Load a NIR from a HDF/conn5 file.

nir.write(filename: str | Path | RawIOBase, graph: NIRNode) → None

Write a NIR to a HDF5 file.

NIR nodes

class nir.ir.Affine(weight: ~numpy.ndarray, bias: ~numpy.ndarray, input_type: ~typing.Dict[str, ~numpy.ndarray] | None = None, output_type: ~typing.Dict[str, ~numpy.ndarray] | None = None, metadata: ~typing.Dict[str, ~typing.Any] = <factory>)

Affine transform that linearly maps and translates the input signal.

This is equivalent to the Affine transformation

Assumes a one-dimensional input vector of shape (N,).

\[y(t) = W*x(t) + b\]

class nir.ir.AvgPool2d(kernel_size: ndarray, stride: ndarray, padding: ndarray)

Average pooling layer in 2d.

class nir.ir.Conv1d(input_shape: int | None, weight: ~numpy.ndarray, stride: int, padding: int | str, dilation: int, groups: int, bias: ~numpy.ndarray, input_type: ~typing.Dict[str, ~numpy.ndarray] | None = None, output_type: ~typing.Dict[str, ~numpy.ndarray] | None = None, metadata: ~typing.Dict[str, ~typing.Any] = <factory>)

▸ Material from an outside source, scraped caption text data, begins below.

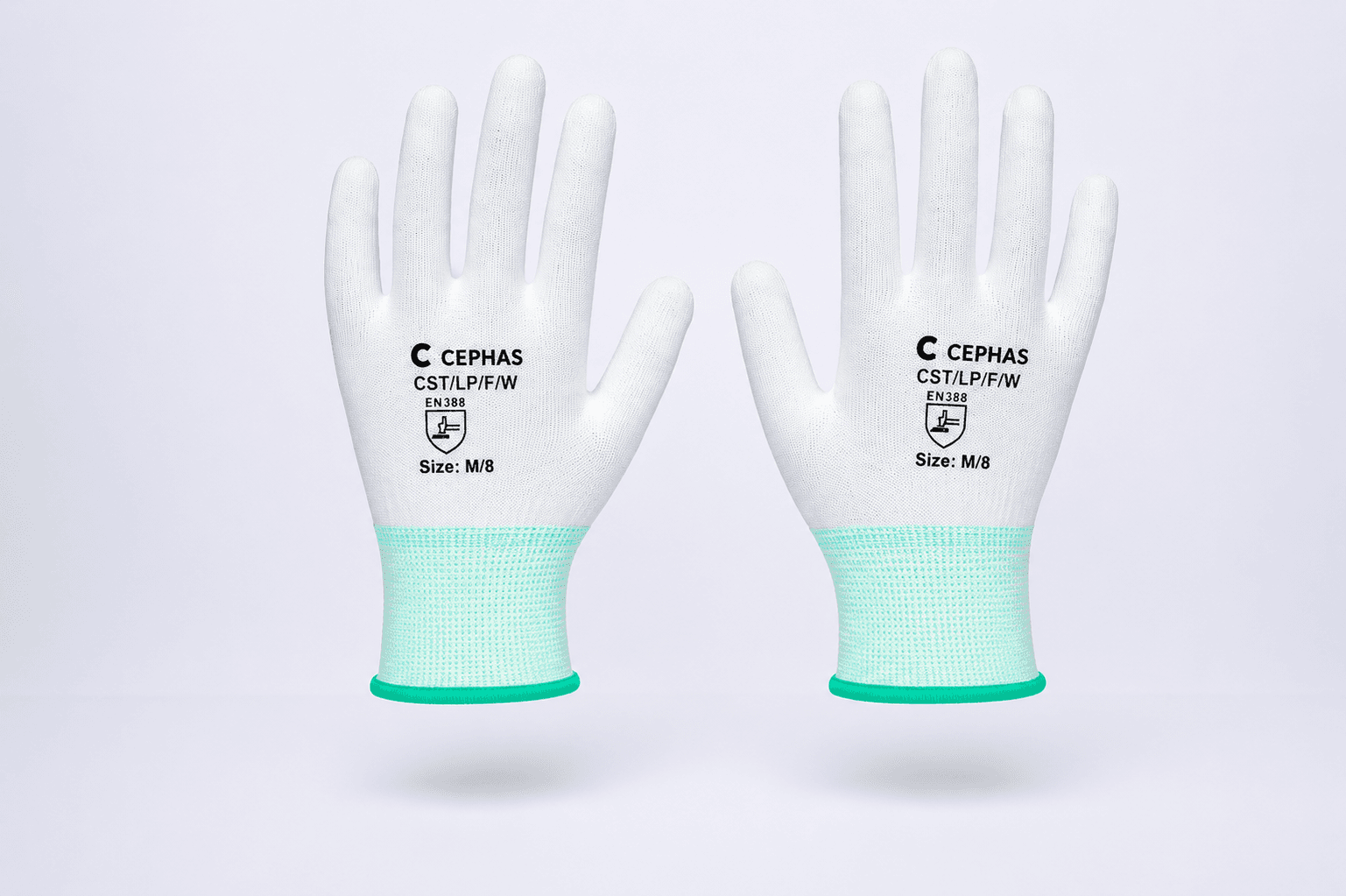 CST Lint Free — Elastic Cuff thumbnail 3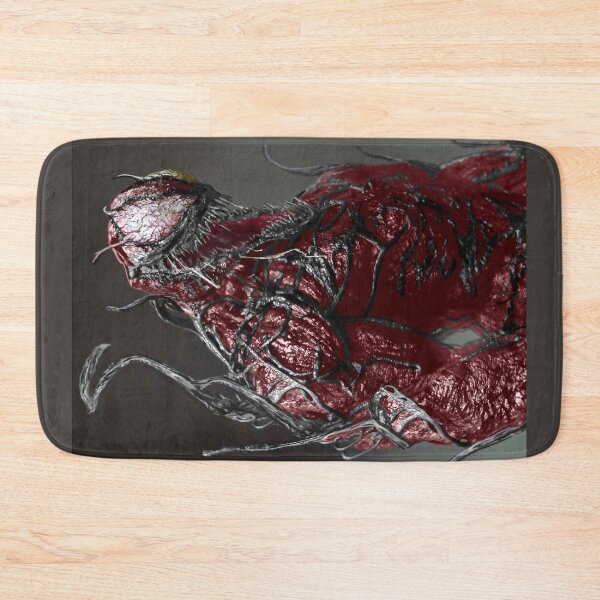 Item preview, Carnage Concept 4 designed and sold by Rastacha.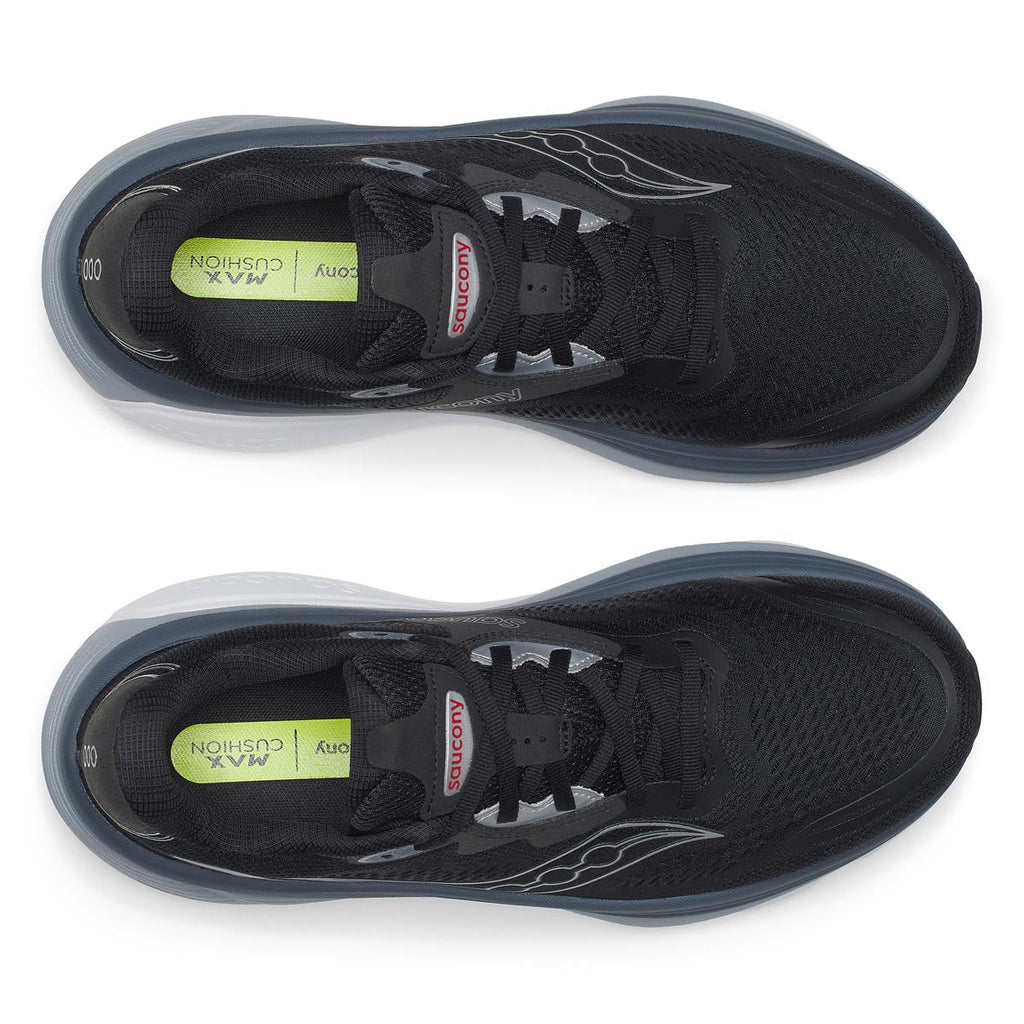 Saucony Hurricane 26 Mens Running Shoes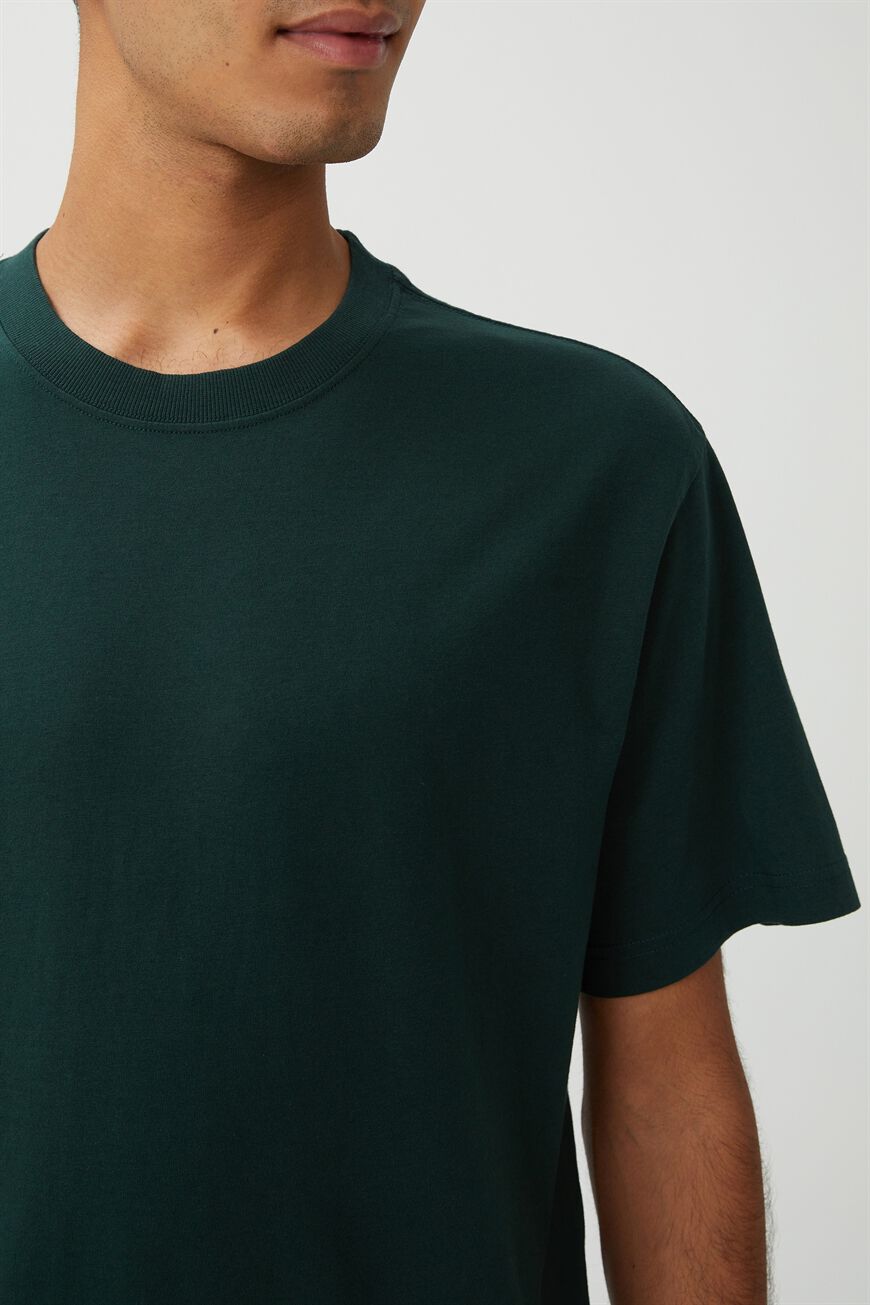 Organic Loose Fit T-Shirt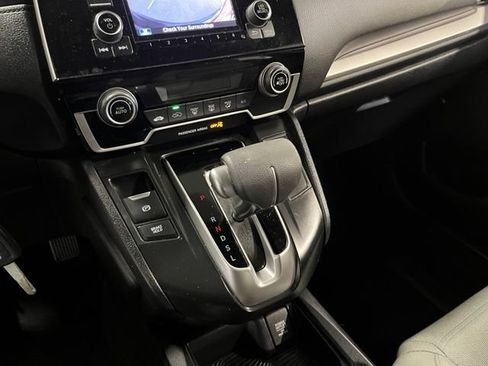 Used 2017 Honda CR-V LX image 30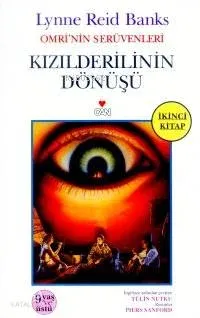 Kızılderili'nin Dönüşü
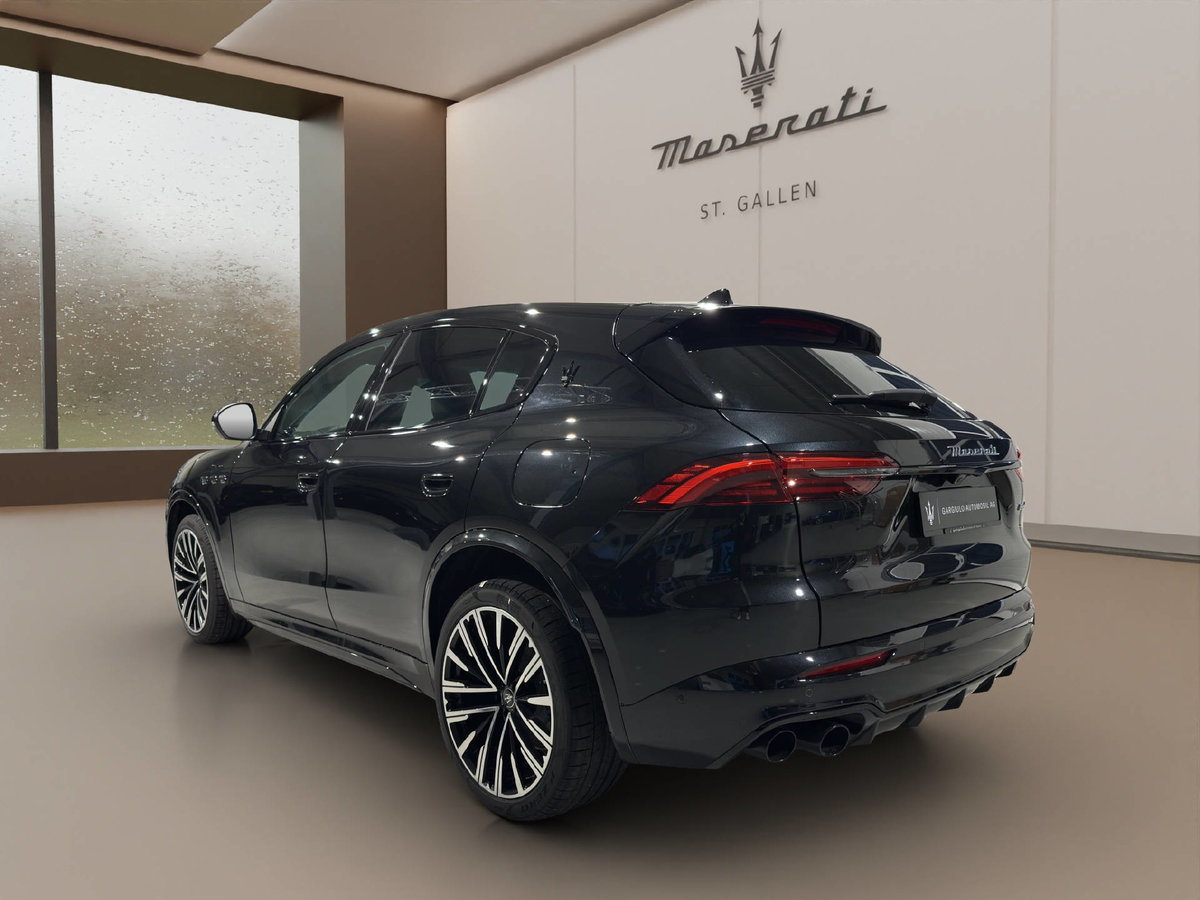 MASERATI Grecale 2.0 Hybrid Modena, Mild-Hybrid Benzin/Elektro, Neuwagen, Automatik - 7
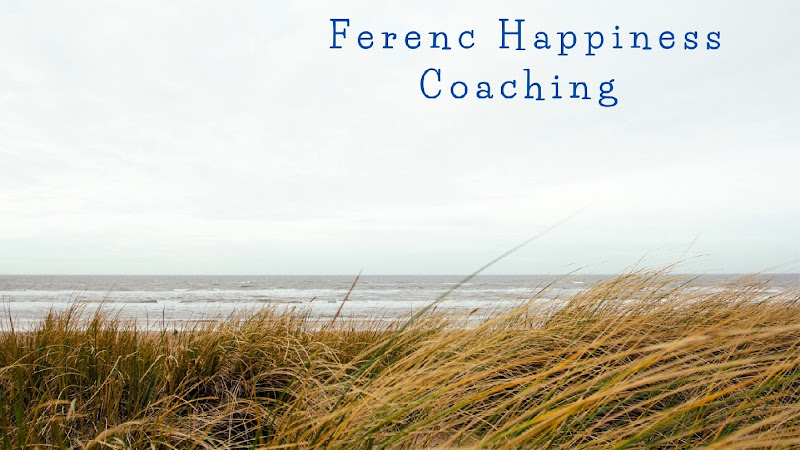 Ferenc Happiness Coaching photo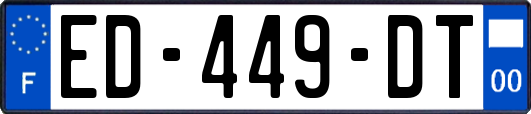 ED-449-DT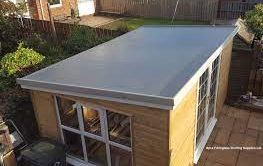 Is a Flat Roof Shed the Right Choice for Your Home?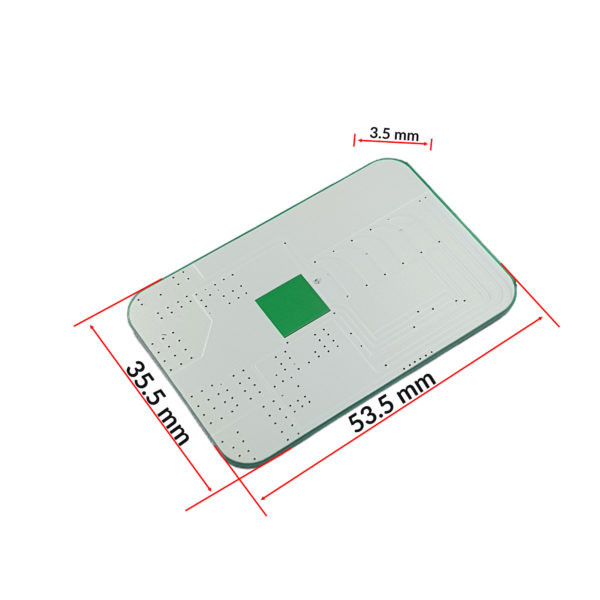 Mạch Sạc và Bảo Vệ Pin 6S 12A - Ảnh 6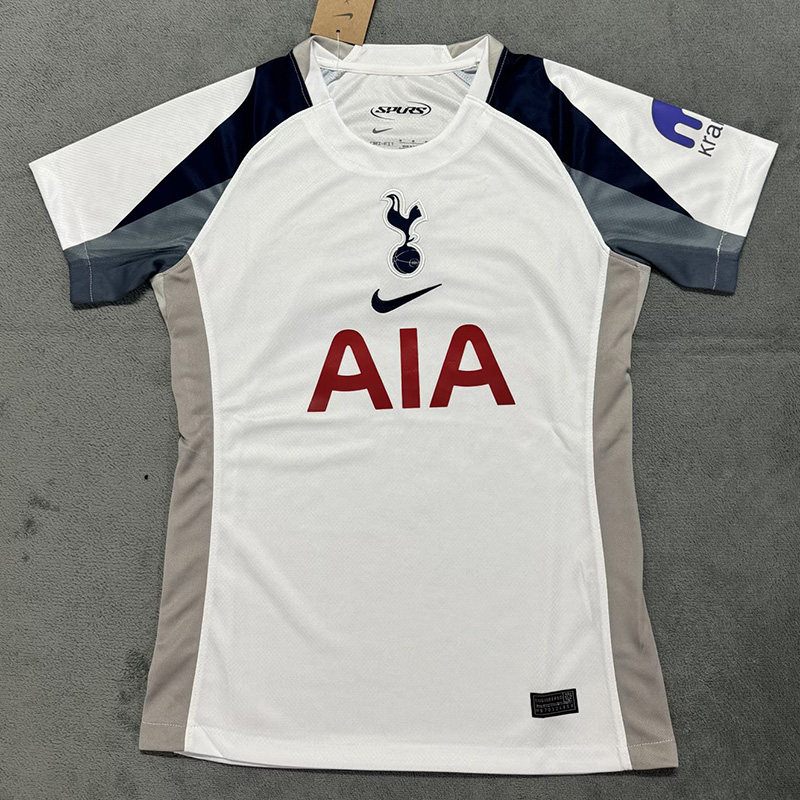 25-26 TOT Home Women Soccer Jersey (女)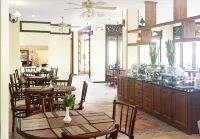 I Boutique Hotel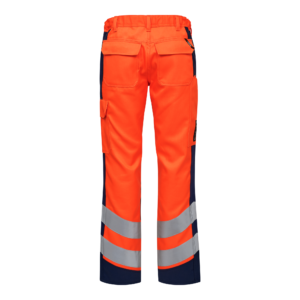 Safety+ arbejdsbukser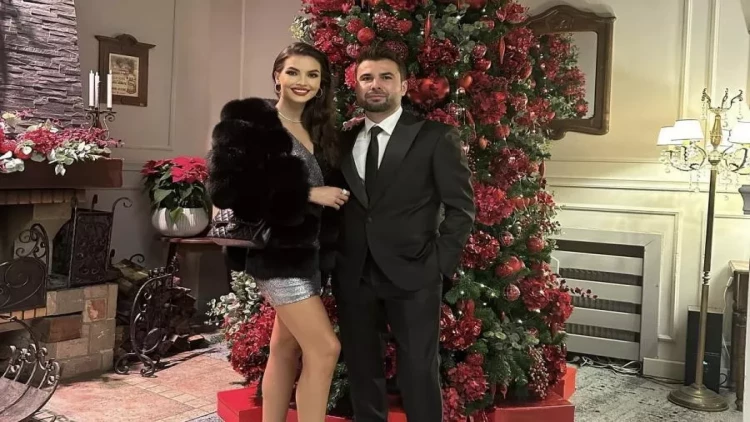 Mutunun “Neftçi”dən ayrıldıqdan sonra ilk paylaşımı - FOTOlar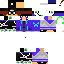Texture for no mask fixed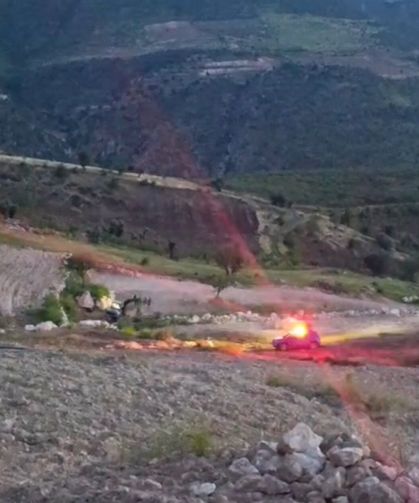 Babasının Aracının Altında Kalan Çocuk Hayatını Kaybetti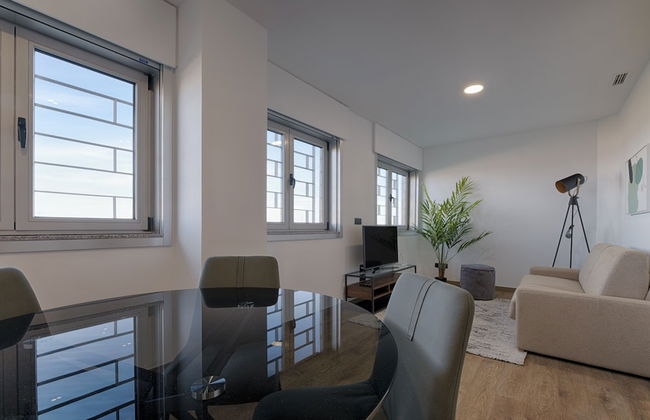 TH Apartments by Como en Casa - Foto 60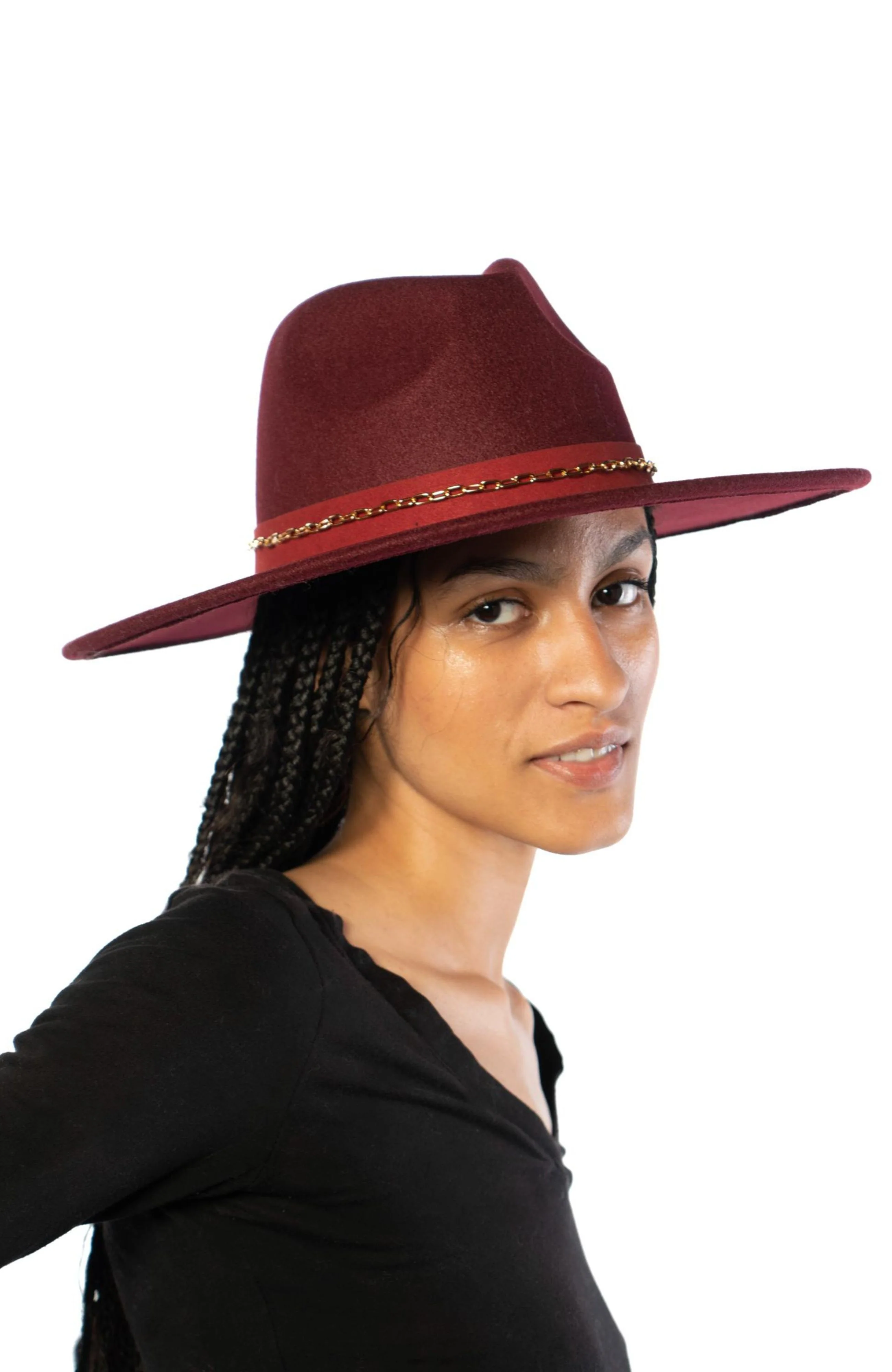 The Lila Hat - Image 5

Convolutional layer in 1d.

Note that the input_shape argument is required to disambiguate the shape, and is used to infer the exact output shape along with the other parameters. If the input_shape is None, the output shape will also be None.

The NIRGraph.infer_all_shapes function may be used to automatically infer the input and output types on the graph level.

Parameters:

• input_shape (Optional[int]) – Shape of spatial input (N,)

• weight (np.ndarray) – Weight, shape (C_out, C_in, N)

• stride (int) – Stride

• padding (int | str) – Padding, if string must be ‘same’ or ‘valid’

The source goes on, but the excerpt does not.